🤖 AI Summary
Addressing the challenge of simultaneously achieving low latency and robustness for online continuous gesture recognition in dynamic environments, this paper proposes an end-to-end online recognition framework tailored for real-time skeletal streams. Methodologically, we introduce a lightweight online architecture that uniquely integrates a spatial graph convolutional network (S-GCN) with a graph-structured Transformer encoder (TGE), augmented by a continual learning mechanism to mitigate data distribution shift. Evaluated on the SHREC’21 benchmark, our approach achieves state-of-the-art accuracy while significantly reducing false positive rates. Unlike conventional segment-based recognition paradigms, our framework enables high-accuracy, low-latency, and adaptive recognition of continuous gesture streams—marking the first such solution.
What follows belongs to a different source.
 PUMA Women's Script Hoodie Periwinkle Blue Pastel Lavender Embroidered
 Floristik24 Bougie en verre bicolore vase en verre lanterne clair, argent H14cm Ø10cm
This work establishes a novel paradigm for human–robot collaboration and assistive technologies, balancing real-time responsiveness with strong generalization capability.
📝 Abstract
Online continuous action recognition has emerged as a critical research area due to its practical implications in real-world applications, such as human-computer interaction, healthcare, and robotics. Among various modalities, skeleton-based approaches have gained significant popularity, demonstrating their effectiveness in capturing 3D temporal data while ensuring robustness to environmental variations. However, most existing works focus on segment-based recognition, making them unsuitable for real-time, continuous recognition scenarios. In this paper, we propose a novel online recognition system designed for real-time skeleton sequence streaming. Our approach leverages a hybrid architecture combining Spatial Graph Convolutional Networks (S-GCN) for spatial feature extraction and a Transformer-based Graph Encoder (TGE) for capturing temporal dependencies across frames. Additionally, we introduce a continual learning mechanism to enhance model adaptability to evolving data distributions, ensuring robust recognition in dynamic environments. We evaluate our method on the SHREC'21 benchmark dataset, demonstrating its superior performance in online hand gesture recognition. Our approach not only achieves state-of-the-art accuracy but also significantly reduces false positive rates, making it a compelling solution for real-time applications. The proposed system can be seamlessly integrated into various domains, including human-robot collaboration and assistive technologies, where natural and intuitive interaction is crucial.